Tuesday, September 29, 2009

Improved Care And Compensation Key To Budget Balance

Health insurance reform opponents maintain that we cannot afford to expand coverage without saddling our children and grandchildren with a huge tax bill for many years to come. Many experts point out that reorganizing and improving care nationwide to eliminate or drastically reduce the waste of unnecessary medical services could help finance expanded access to cover uninsured. We’ve covered a similar topic, reducing medical errors, in a previous blog post.

Physician Elliott S. Fisher, from the Dartmouth Medical School, and colleagues from the Dartmouth Institute for Health Policy and Clinical Practice, discussed the cost reduction solution in the article “Getting Past Denial — The High Cost of Health Care in the United States,” in the September 24 New England Journal of Medicine. These researchers’ conclusions are based on the Dartmouth Atlas of Health Care, first published in 1973 by Dartmouth’s Jack Wennberg, also a physician. The Atlas continues to rigorously examine patterns of medical resource intensity and utilization across the United States.

Doctors and other medical providers often claim that their greater use of services and higher costs are due to sicker, poorer patients. But sicker, poorer patients do not account for the spending differences. Physician Atul Gawande provided an excellent illustration in the case of high cost McAllen, Texas.

When the Dartmouth group reexamined regional differences in price-adjusted health care spending and intensity of care taking into consideration patients’ risk factors, they found that health status accounts for $593 of the $3,280 difference between the lowest- and highest-intensity regions, or just about 18% of the difference. Differences in poverty and income levels in regions accounted for little, if any, of the variation in the cost and intensity of care.

More than 70% of the differences in spending “cannot be explained away by the claim that "my patients are poorer or sicker,"” Dr. Fisher and colleagues wrote.

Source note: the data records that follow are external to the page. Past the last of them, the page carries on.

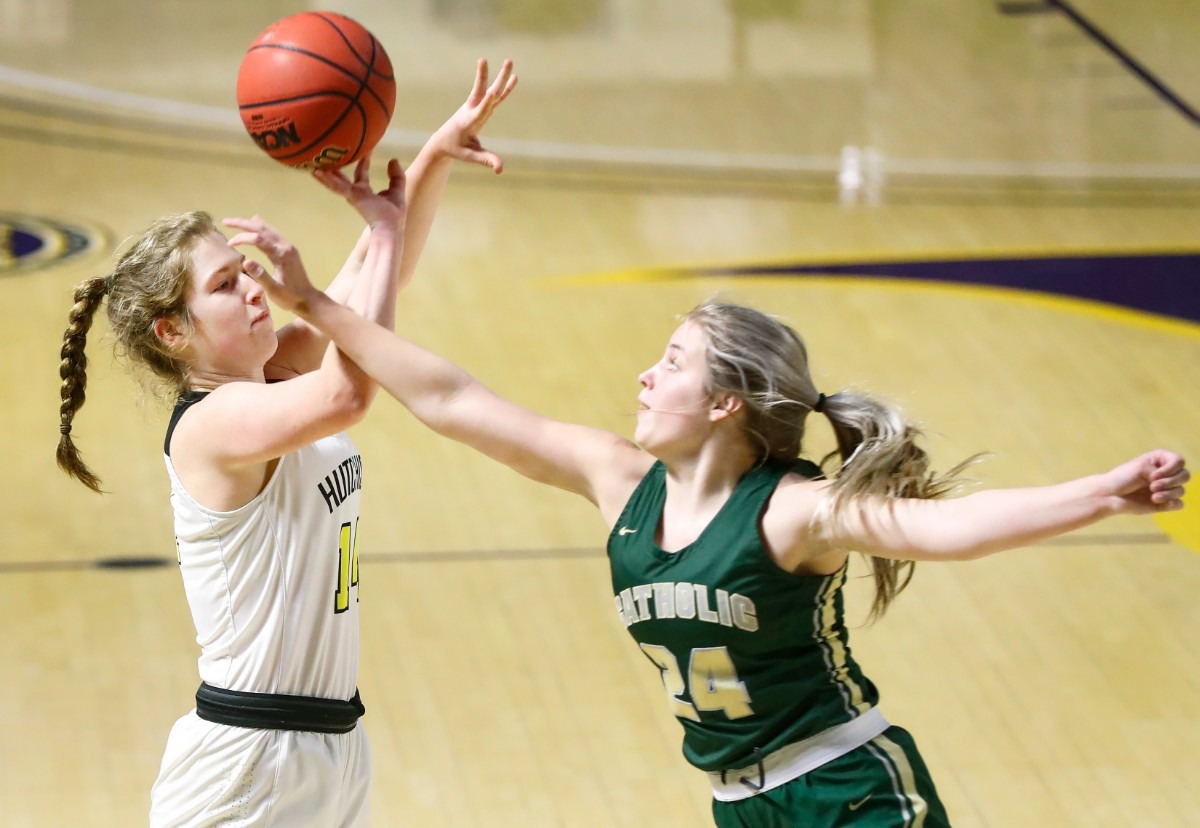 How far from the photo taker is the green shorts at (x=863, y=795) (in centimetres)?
250

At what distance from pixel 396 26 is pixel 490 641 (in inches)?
301

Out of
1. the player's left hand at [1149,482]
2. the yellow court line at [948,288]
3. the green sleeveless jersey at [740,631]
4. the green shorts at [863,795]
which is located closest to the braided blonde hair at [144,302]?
the green sleeveless jersey at [740,631]

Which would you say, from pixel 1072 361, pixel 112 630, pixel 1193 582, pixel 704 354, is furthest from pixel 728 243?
pixel 704 354

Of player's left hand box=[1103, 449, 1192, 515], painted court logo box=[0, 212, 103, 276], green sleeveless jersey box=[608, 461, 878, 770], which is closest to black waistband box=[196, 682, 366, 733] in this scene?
green sleeveless jersey box=[608, 461, 878, 770]

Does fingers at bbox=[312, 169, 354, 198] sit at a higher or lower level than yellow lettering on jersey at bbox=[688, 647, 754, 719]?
higher

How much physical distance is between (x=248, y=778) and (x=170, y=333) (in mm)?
819

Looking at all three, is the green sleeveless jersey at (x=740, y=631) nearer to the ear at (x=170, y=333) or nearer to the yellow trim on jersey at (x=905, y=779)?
the yellow trim on jersey at (x=905, y=779)

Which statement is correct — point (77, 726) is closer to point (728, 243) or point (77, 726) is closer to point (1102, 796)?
point (1102, 796)

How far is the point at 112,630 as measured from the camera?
497 cm

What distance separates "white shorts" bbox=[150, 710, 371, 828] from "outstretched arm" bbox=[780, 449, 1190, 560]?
1.02m

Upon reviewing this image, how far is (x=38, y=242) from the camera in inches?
319

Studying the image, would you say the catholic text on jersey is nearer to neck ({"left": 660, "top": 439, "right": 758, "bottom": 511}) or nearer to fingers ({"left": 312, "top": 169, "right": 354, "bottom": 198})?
neck ({"left": 660, "top": 439, "right": 758, "bottom": 511})

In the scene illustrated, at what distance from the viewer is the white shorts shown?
2.76 m

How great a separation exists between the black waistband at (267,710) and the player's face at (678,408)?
2.60 feet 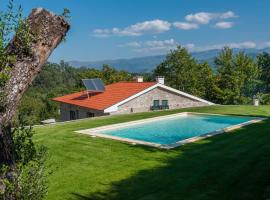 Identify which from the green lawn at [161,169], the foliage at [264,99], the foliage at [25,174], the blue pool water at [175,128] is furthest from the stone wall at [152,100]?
the foliage at [264,99]

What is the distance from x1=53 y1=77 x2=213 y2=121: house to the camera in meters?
32.8

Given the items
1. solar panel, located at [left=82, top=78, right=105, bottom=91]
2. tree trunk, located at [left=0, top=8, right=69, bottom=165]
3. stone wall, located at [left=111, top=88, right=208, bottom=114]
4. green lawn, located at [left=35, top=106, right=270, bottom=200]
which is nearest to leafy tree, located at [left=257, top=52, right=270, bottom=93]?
stone wall, located at [left=111, top=88, right=208, bottom=114]

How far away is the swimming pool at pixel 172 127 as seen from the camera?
73.1ft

The Dartmouth Group’s previous extensive research on medical practice patterns across the United States has shown that “discretionary decisions by physicians seem to account for most of the regional variation in spending.” For example, “compared with Medicare beneficiaries in the lowest-spending regions, patients in the highest-spending regions spend more time in the hospital (an average of 2.1 days vs. 1.4 days), have more frequent physician visits (14.5 vs. 10.7 per year), and undergo more magnetic resonance imaging (MRI) procedures (21.9 vs. 16.6 per 100 beneficiaries) and computed tomographic (CT) scans (61.4 vs. 46.9 per 100 beneficiaries).” These differences are not reflected in worse outcomes or in rationing for patients in the lowest-spending regions.

Less intensive, invasive, and more cost-effective services, do require more management time from primary care doctors, nurses, or even specialists, although currently, they are not reimbursed for such time. Instead, physicians are compensated according to the number and complexity of services they provide.

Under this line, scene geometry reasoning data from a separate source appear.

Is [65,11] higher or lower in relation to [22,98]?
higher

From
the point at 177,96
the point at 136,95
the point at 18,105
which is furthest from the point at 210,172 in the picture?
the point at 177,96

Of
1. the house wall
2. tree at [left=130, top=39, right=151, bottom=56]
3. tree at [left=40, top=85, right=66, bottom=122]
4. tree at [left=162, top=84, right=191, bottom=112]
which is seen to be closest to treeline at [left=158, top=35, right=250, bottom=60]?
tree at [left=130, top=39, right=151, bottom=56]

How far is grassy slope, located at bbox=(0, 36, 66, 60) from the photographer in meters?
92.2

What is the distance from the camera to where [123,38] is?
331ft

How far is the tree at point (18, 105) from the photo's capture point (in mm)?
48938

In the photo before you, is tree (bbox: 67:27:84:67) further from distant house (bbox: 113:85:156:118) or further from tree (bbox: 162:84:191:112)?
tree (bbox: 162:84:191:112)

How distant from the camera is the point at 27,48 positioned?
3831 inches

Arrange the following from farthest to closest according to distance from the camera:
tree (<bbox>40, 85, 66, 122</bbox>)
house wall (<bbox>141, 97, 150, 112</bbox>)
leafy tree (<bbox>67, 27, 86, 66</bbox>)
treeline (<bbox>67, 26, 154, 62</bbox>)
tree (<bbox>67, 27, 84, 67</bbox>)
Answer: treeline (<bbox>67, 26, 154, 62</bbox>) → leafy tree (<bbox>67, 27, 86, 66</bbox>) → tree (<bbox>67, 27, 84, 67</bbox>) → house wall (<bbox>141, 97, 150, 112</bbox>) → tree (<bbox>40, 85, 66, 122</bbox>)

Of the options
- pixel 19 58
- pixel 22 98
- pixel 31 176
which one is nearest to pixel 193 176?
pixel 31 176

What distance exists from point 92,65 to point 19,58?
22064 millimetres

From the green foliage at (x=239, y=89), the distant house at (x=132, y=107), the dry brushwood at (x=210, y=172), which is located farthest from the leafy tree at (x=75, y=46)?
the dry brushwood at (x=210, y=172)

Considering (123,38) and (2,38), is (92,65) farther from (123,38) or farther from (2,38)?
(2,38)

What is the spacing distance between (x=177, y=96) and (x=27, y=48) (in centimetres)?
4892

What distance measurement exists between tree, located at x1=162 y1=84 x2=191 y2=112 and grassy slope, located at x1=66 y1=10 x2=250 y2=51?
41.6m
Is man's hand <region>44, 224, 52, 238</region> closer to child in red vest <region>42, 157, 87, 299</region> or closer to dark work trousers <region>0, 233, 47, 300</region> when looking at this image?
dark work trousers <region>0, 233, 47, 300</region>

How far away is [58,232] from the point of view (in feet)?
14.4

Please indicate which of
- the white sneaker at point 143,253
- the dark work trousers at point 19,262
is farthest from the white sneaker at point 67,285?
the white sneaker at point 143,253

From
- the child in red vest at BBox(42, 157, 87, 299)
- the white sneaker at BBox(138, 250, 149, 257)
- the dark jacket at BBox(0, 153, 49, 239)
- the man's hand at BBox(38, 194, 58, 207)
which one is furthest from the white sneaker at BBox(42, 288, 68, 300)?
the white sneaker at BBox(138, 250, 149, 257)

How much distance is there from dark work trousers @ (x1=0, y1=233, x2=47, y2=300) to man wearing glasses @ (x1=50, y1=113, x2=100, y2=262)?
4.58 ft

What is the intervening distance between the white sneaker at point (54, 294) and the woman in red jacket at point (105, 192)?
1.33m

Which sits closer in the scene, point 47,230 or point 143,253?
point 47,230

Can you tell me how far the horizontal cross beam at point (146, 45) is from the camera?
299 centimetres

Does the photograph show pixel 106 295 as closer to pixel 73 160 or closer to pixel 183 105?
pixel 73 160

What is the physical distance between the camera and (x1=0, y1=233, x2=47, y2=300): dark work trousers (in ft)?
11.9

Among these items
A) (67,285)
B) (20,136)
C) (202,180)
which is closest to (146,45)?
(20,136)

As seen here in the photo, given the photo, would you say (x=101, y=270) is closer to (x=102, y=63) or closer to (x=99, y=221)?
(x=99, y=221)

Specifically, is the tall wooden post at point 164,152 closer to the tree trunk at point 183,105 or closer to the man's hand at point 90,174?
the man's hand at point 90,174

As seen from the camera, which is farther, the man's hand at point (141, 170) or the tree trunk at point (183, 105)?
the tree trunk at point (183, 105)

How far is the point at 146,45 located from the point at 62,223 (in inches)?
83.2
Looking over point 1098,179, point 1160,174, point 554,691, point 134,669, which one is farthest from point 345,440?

“The implications for health care reform efforts are clear,” Dr. Fisher and colleagues concluded. “Health is indeed a critical determinant of health care spending. Efforts to improve the health of the public and to reduce the burden of chronic illness should be pursued. And because caring for sicker patients costs more, payment reforms will have to be carefully designed. Health systems such as academic medical centers and safety-net providers that care for disadvantaged patients or those with complex conditions will need to be reimbursed fairly with the use of careful case-mix adjustment in order to reduce the likelihood of harm to either patients or the institutions themselves.”

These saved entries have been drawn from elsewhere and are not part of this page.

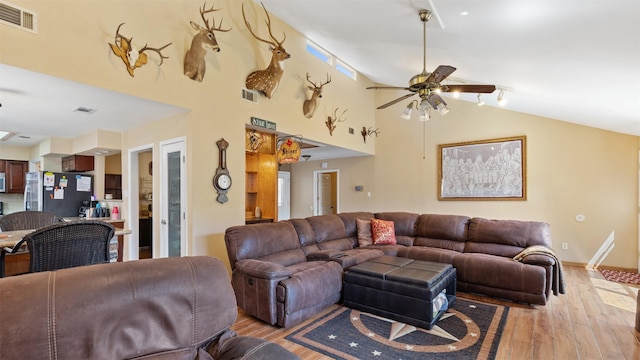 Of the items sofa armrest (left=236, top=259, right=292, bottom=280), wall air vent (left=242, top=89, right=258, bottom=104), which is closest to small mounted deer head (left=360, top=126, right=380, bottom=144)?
wall air vent (left=242, top=89, right=258, bottom=104)

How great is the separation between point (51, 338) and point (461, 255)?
4.11 metres

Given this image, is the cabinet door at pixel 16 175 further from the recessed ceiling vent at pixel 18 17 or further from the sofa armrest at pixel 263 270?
the sofa armrest at pixel 263 270

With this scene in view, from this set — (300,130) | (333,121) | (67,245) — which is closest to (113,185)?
(300,130)

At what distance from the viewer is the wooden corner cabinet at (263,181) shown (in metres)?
5.05

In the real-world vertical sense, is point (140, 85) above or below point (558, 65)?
below

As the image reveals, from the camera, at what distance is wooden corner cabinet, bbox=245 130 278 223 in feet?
16.6

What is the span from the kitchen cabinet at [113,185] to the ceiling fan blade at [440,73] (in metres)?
6.18

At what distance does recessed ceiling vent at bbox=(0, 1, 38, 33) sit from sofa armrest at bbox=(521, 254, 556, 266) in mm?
5336

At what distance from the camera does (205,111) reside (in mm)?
3725

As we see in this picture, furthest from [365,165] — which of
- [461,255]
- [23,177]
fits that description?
[23,177]

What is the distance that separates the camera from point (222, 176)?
3.92m

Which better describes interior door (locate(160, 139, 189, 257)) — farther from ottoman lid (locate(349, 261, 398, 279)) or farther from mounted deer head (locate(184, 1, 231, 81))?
ottoman lid (locate(349, 261, 398, 279))

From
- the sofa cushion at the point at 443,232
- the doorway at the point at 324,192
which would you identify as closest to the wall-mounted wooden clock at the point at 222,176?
the sofa cushion at the point at 443,232

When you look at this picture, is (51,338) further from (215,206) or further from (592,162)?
(592,162) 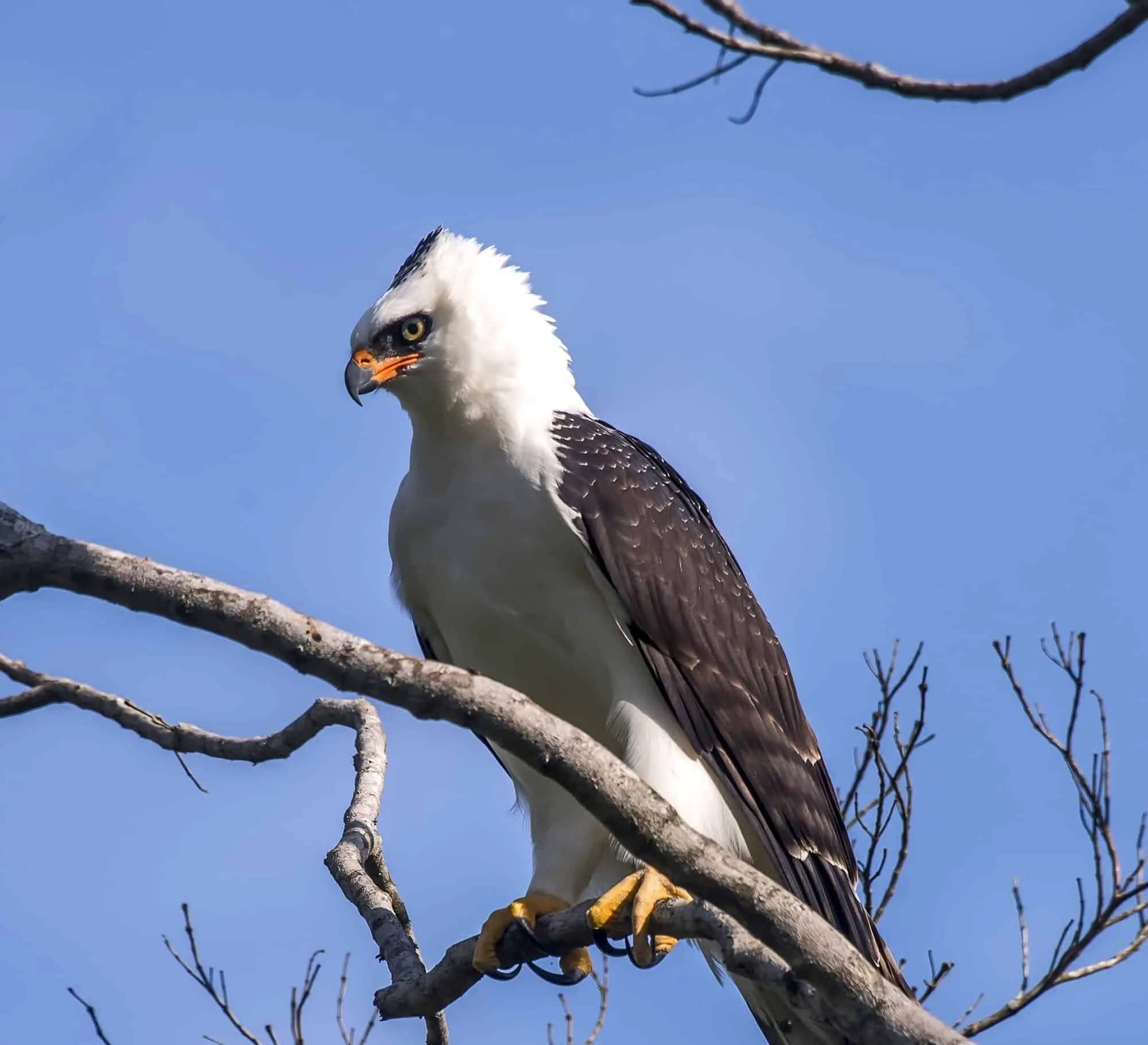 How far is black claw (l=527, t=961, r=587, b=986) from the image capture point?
5.54 meters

“We should recognize that so much discretionary care is provided in the United States that we could easily afford to expand coverage without increasing taxes — or rationing care — as long as we couple coverage expansion with a commitment to rapidly test and broadly implement successful reforms in payment and delivery systems,” Dr. Fischer and colleagues emphasized. “We should not let denial get in the way of acceptance of the need to move forward on fundamental reform of the U.S. health care delivery system. We can't afford the alternative.”

Nearly all human resources and benefits executives surveyed by the Towers Perrin consulting firm view cost containment for employers and employees and improving health care quality as top priorities for health care reform. The question is, how do we get the other players in this equation on board?.